COVID-19 and Pregnancy: What Reproductive Medicine Professionals Should Do?
As of now, one can only take cues from SARS-CoV and MERS-CoV that was associated with spontaneous miscarriage, intrauterine growth restriction (IUGR), preterm delivery, and other adverseobstetrical outcomes.
COVID-19 (Coronavirus Disease 2019) poses an unprecedented challenge to the world. Caused by the novel coronavirus SARS-CoV-2, the viral pandemic will affect millions globally, baring open our frailing healthcare infrastructure and lack of preparedness. As the situation is still evolving and the knowledge base continues to grow, not much is objectively known about COVID-19, its nature, and its other clinical aspects. A key concern, among several, for the reproductive medicine professionals, is if the vertical transmission is possible – if a woman is tested positive for COVID-19, can the virus be transmitted during the pregnancy.
Can We Learn From The Past?
Looking back at SARS and MERS, there hasn’t been any documented evidence of maternal-fetal transmission. Experts do, however, believe that the number of cases investigated is less and insufficient to make any conclusive remark. Similarly, with SARS-CoV-2, not a lot is known. The reported number of cases of pregnant women tested positive for the disease is few and far between; further, lack of follow-up on them makes it even more challenging to understand how coronavirus affects pregnancy.
Answering if COVID-19 can cause problems during pregnancy, the Centers for Disease Control and Prevention (CDC) says, “We do not know at this time if COVID-19 would cause problems during pregnancy or affect the health of the baby after birth.”
In such a scenario when there’s a lack of substantial data, the professionals in reproductive medicine must follow the basic protocols so as to avoid any adverse maternal and neonatal outcomes. At the same time, they must adhere to the guidelines outlined by the health officials, including social distancing and enhancing personal hygiene. Also, during such an outbreak when the number of fatalities is expected to go high, resource optimization and preservation are also of utmost importance for the reproductive medicine professionals.
Recommendations to Follow
The ultimate goal for any healthcare professional isn’t just to deliver on the needs of the patients but also to mitigate risks for themselves, their associates, staff members, and the community at large.
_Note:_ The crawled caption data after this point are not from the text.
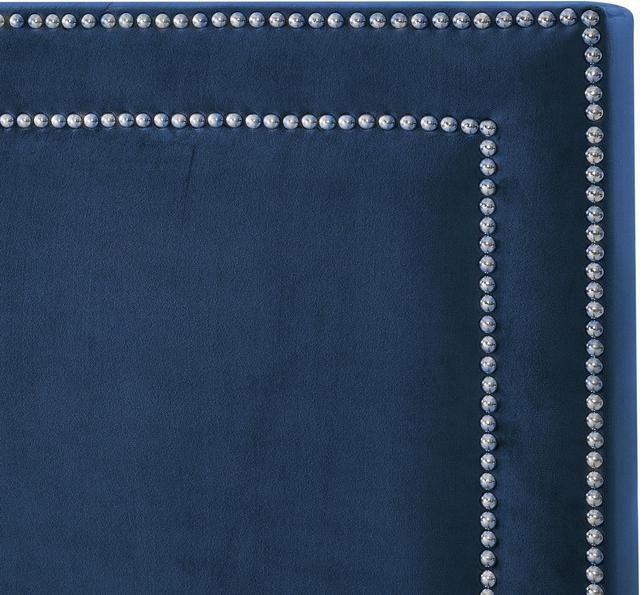 Alt view image 7 of 7 - Mansfield Blue Velvet Platform Bedframe - King Size | Nailhead Trim | Modern and Contemporary | Inspired Home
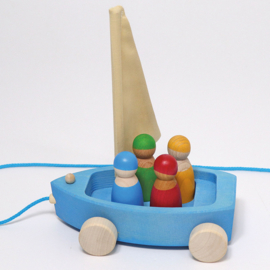 Grimm's houten Zeilboot op wielen met 4 zeilers
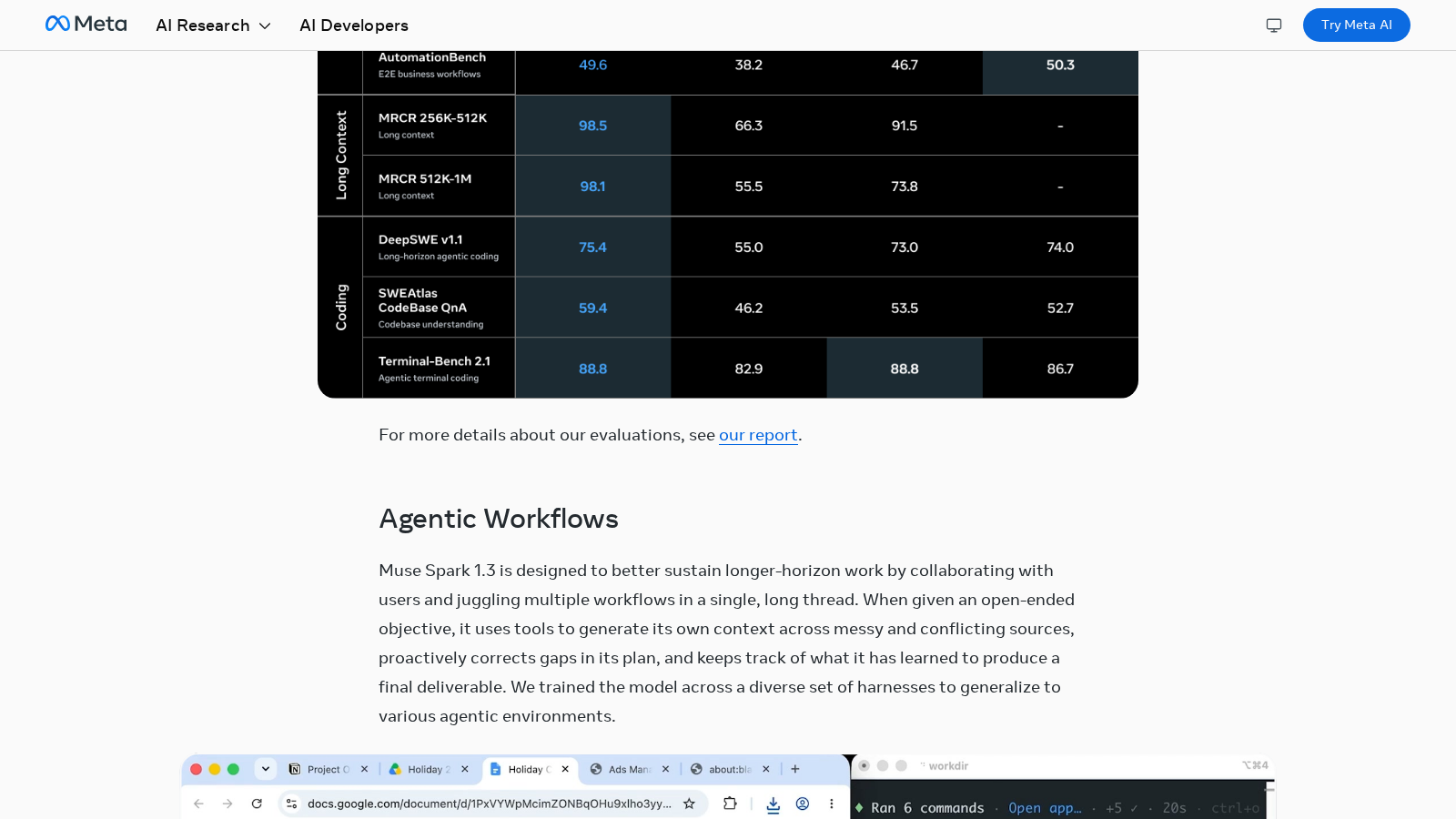 Meta benchmark capture: Muse Spark 1.3 agentic-workflow results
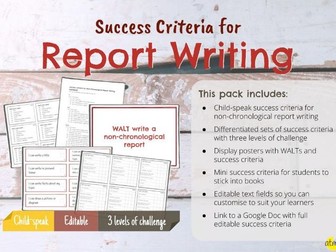 Success Criteria for Report Writing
So, along with proper treatment, strict prevention and control measures should essentially be in place. That said, here are some of the recommendations for reproductive medicine professionals and staffs:
Minimize risks by following basic measures. Like, maintain social distancing, accommodate patients into the clinical spaces after assessing their health status, lower the number of people in the clinic, create an infrastructure for telehealth, encourage staff members to work from home whenever possible, and maintain adequate availability of Personal Protective Equipment (PPE).
Advise the patients to not travel to the clinic in non-urgent cases but instead, first, consult over the phone. A lot of the cases can be dealt with over telehealth.
Suspend the start of new treatment cycles, like IVF, IUIs and ovulation induction. After the completion of a single cycle, postpone further treatment. Advise patients against elective surgeries and non-urgent interventional diagnostic procedures; postpone them.
Continue the treatment in urgent cases and of the patients who have already started the oral medications. Take all the precautionary measures; follow the guidelines by WHO.
Take adequate steps to ensure maximum hygiene and care of the laboratories. Interactions between laboratory staff and patients should be minimal. While the initiation of fertility treatment of patients with active SARS-CoV-2 is advised against, if it still must go, the specimen or sample collected must be handled with special care.
These are difficult times that could be overwhelming for the patients, as well as the reproductive medicine professionals and medical staff members. Seeking help from mental health professionals should be a viable option. If the staff members, doctors, and patients are showing signs of emotional strains, a mental health professional should be approached. Of course, keeping in view the guidelines, the counseling sessions are best done over the phone or webcam instead of an in-person visit.
The uncertainty of COVID-19, and the anxiety around it, is still very high. It’s a challenging time for healthcare professionals – and the communities at large – to be in. As we register and examine more cases, the picture will get clearer as to how SARS-CoV-2 affects pregnancy. But, as of now, we can only follow the basic guidance, preventive measures, common sense, and the commitment to deliver the best treatment – with the intent to mitigate risks for the patients, doctors, nurses, clinical staff, and the collective society.